Il caso sottoposto all'attenzione della Corte prende avvio con delle indagini investigative nei confronti di un ragazzo per il reato di cui agli art. 81, 609-bis e 609-ter c.p.: l'indagato veniva accusato di aver scritto una serie di messaggi di WhatsApp allusivi e sessualmente espliciti ad una ragazza, minore di età, costringendola a scattare e ad inoltrare una foto senza reggiseno nonché a ricevere una foto ritraente il membro maschile e commentarla, sotto la minaccia di pubblicare la chat su Instagram e su pagine hot. 

 Per tali fatti, il Giudice per le indagini preliminari di Pavia applicava all'indagato la misura della custodia cautelare in carcere per il reato di violenza sessuale.

Avverso la decisione l'indagato proponeva appello al Tribunale del Riesame di Milano che, tuttavia, respingeva il gravame confermando la misura restrittiva adottata.

L'uomo proponeva ricorso per Cassazione deducendo la violazione di legge e vizio di motivazione, in ordine ai gravi indizi di colpevolezza.

A tal fine osserva che il fatto non era sussumibile sotto l'art. 609-bis, in quanto non era stata intaccata l'integrità psico-fisica della minore, secondo il corretto sviluppo della sua sessualità, quale bene giuridico tutelato dalla norma in contestazione.

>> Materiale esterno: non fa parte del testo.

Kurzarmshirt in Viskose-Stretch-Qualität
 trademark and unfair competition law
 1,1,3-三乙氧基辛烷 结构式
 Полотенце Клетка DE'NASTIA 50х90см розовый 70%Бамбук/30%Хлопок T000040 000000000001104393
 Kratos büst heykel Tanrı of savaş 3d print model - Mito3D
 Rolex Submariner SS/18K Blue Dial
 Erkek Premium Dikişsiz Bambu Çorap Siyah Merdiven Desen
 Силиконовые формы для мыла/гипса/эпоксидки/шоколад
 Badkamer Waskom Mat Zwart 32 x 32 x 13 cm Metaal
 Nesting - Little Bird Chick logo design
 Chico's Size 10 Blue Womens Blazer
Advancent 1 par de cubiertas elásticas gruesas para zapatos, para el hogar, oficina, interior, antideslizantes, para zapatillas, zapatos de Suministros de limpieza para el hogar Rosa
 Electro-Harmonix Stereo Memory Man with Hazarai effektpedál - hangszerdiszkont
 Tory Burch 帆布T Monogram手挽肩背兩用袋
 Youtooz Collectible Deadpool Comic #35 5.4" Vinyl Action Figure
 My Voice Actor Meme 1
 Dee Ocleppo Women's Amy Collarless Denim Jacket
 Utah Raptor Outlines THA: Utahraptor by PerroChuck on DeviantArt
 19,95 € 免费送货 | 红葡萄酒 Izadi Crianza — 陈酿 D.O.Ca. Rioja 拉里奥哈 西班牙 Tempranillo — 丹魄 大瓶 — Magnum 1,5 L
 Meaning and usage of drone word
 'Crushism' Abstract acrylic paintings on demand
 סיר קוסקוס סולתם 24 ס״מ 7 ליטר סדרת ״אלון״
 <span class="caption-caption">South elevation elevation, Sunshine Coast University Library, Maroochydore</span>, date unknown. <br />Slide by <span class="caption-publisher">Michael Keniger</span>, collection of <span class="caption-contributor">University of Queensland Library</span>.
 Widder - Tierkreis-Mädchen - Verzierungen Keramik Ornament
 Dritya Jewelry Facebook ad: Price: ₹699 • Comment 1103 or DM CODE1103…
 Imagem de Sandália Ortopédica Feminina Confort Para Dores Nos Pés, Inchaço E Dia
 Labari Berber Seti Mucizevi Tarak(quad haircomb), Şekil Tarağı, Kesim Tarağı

In particolare, la difesa del ragazzo evidenziava come la condotta tenuta dall'indagato non aveva leso la sfera sessuale della minore per assenza di una qualsivoglia richiesta di rapporto sessuale volta al soddisfacimento dei propri impulsi: non vi era stata alcuna proposta di incontro o di sesso via chat e, ad ogni modo, mancava l'atto sessuale, non essendo avvenuto alcun incontro tra lui e la presunta persona offesa; la condotta illecita si era limitata all'invio di una propria foto nuda, con l'invito rivolto alla ragazza ad un commento, nonché alla ricezione di una foto della ragazza senza reggiseno.

La Cassazione non condivide le tesi difensive dell'imputato.

 La Corte ricorda che, per giurisprudenza pacifica, costituisce tentativo di violenza carnale (e non diffamazione aggravata) il fatto di chi - minacciando di inviare ai parenti di una donna foto compromettenti scattate in occasione di incontri amorosi con lei precedentemente avuti - tenti di costringerla ad ulteriori rapporti sessuali, non rilevando l'assenza di qualsivoglia approccio fisico, in quanto con l'effettuazione della minaccia, diretta a costringere la persona offesa alla congiunzione, inizia comunque l'esecuzione materiale del reato.

Con specifico riferimento al reato di atti sessuali con minorenne, si è specificato che nel caso in cui il contatto tra il reo ed il minore avvenga mediante comunicazione a distanza, è necessario accertare, da un lato, l'univoca intenzione dell'agente di soddisfare la propria concupiscenza e, dall'altro, l'oggettiva idoneità della condotta a violare la libertà di autodeterminazione sessuale della vittima; difatti, nella violenza sessuale commessa mediante strumenti telematici di comunicazione a distanza, la mancanza di contatto fisico tra l'autore del reato e la vittima non è determinante ai fini dell'esclusione della fattispecie di reato.

Con specifico riferimento al caso di specie, il Tribunale del riesame ha correttamente evidenziato che la violenza sessuale risultava pienamente integrata, pur in assenza di contatto fisico con la vittima, in quanto gli atti sessuali coinvolgevano la corporeità sessuale della persona offesa ed erano finalizzati e idonei a compromettere il bene primario della libertà individuale nella prospettiva di soddisfare o eccitare il proprio istinto sessuale.

In virtù di tanto, la Cassazione rigetta il ricorso e condanna il ricorrente al pagamento delle spese processuali.